When a feature film is no longer shown at cinemas, the Film Archive in many cases receives the used print. The Film Archive has amassed a large collection of both Danish features and international features with Danish subtitles. The introduction of digital cinemas is now putting an end to that practice and no agreement has yet been made regarding deposit of DCPs (Digital Cinema Packages).
When a film arrives at the Film Archive, it is catalogued in our database, repacked, if necessary, and placed on a shelf in our climate-controlled archive. Prior to archiving, legally deposited films are carefully checked for scratches, blemishes or omissions.
Cataloguing the existing collection is also an ongoing task. The entire nitrate film collection has now been surveyed, that is, the collection of the oldest films from before 1950, which are kept in a remote depository, the Nitrate Archive near Hillerød, north of Copenhagen. We have also surveyed most of our collection of screening prints and are currently cataloguing the various collections that have been donated to the Archive.
Most Danish features, as well as selected Danish documentaries, can be searched in the Danish Film Database. If you do not find what you are looking for, please contact the Film Archive at email@example.com.
The readying process checks films for any damage, such as cracks or tears on the edges of the film, poor splices and other damage that may have occurred since the film was last screened. Perhaps new leaders need to be attached, cue marks made (small marks in the upper right-hand corner of the film telling the projectionist that it’s time to change the reel) or perhaps the film needs to be cleaned.
The Film Archive readies films for the following purposes:
Readying museum prints for cinemas
The reel-room staff readies films for screening in cinemas in Denmark and abroad. The Cinematheque and film-related educations are the primary borrowers of films from the Film Archive. Only members of FIAF can borrow prints from the DFI Film Archive.
Readying basis material for a production company or other rights holder
If, say, a production company wants to produce a DVD of an older Danish feature, and the Film Archive has the negatives, etc., for the film, these will be checked for damage before the film is sent to a scanning lab, where they are scanned as digital information that can be transferred to DVD.
Readying film clips
TV stations, journalists, scholars, directors and others at times want access to old film clips, often of documentary or historical interest. The Film Archive researches the collection and can assist in digitising film for footage sales. Please see the large collection of documentary footage available for viewing on danmarkpaafilm.dk. Please note that there’s a handling fee for digital elements.
4. Securing the collection
Analogue security means that the Film Archive has new material (either prints or negatives) produced for selected Danish film titles. If the existing film material is assessed to be unsuitable for long-term storage, new material is made on archival film, most often 35mm polyester film.
These security efforts are based in part on two lists of approx. 100 features and approx. 100 documentaries. The task of securing the 100 selected features has now been completed and we are securing the remaining half of the 100 documentaries.
"Unsuitable for long-term storage" applies to material that is either physically deteriorated or whose technology or format could be a problem in terms of future playback.

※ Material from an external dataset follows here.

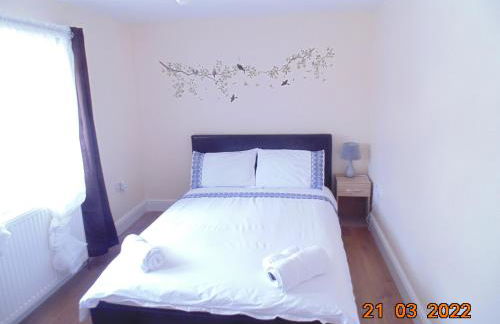 Two beautiful double bedroom Tulip apartment - Foto 22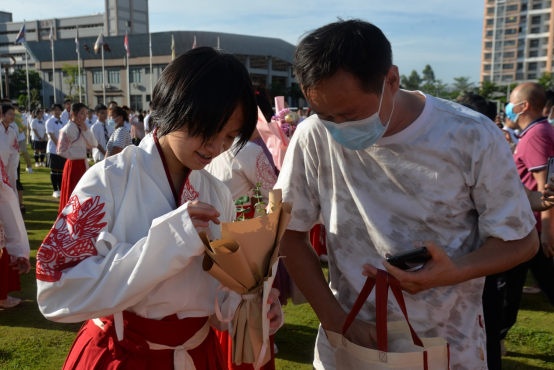 1657004100399076.png 15.png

For many years, the top priority was on securing disintegrating and flammable nitrate films. But the spotlight is now on more recent technologies, such as A+B tapes and a number of obsolete tape formats, including U-matic.
Museum curator Thomas Christensen has overall responsibility for securing the collection.
In 2010, the Danish Film Institute was awarded 6 million kroner (approx. 800,000 euros), via the so-called UMTS funds, to digitise Denmark’s cultural heritage. This project will concentrate on the video collection of shorts and documentaries from 1975 to 1990. Many shorts and documentaries in this period were recorded on video formats that today are obsolete. Some tapes deteriorate, making playback impossible. In other cases, the problem is playback devices that are hard to have repaired and for which spare parts are hard to find.
As a first step, U-matic tapes and 1”C tapes have been transferred to new digital media.
The Film Archives digitises many of the analogue 16mm and 35mm films on our shelves in connection with projects or on commission from clients. At present no comprehensive digitising of Danish films from A-Z has been initiated (apart from the UMTS project, mentioned under Digital security). So, even though we are continually digitising films, only a fraction of the collection has so far been converted into pixels.
Our new streaming site danmarkpaafilm.dk (Denmark on Film) opened in 2015 after also receiving funding from UMTS funds. In 2015 we received a special grant over four year from the government to digitise further amouts of documentary footage and a large number of documentary films produced by and for the Danish state.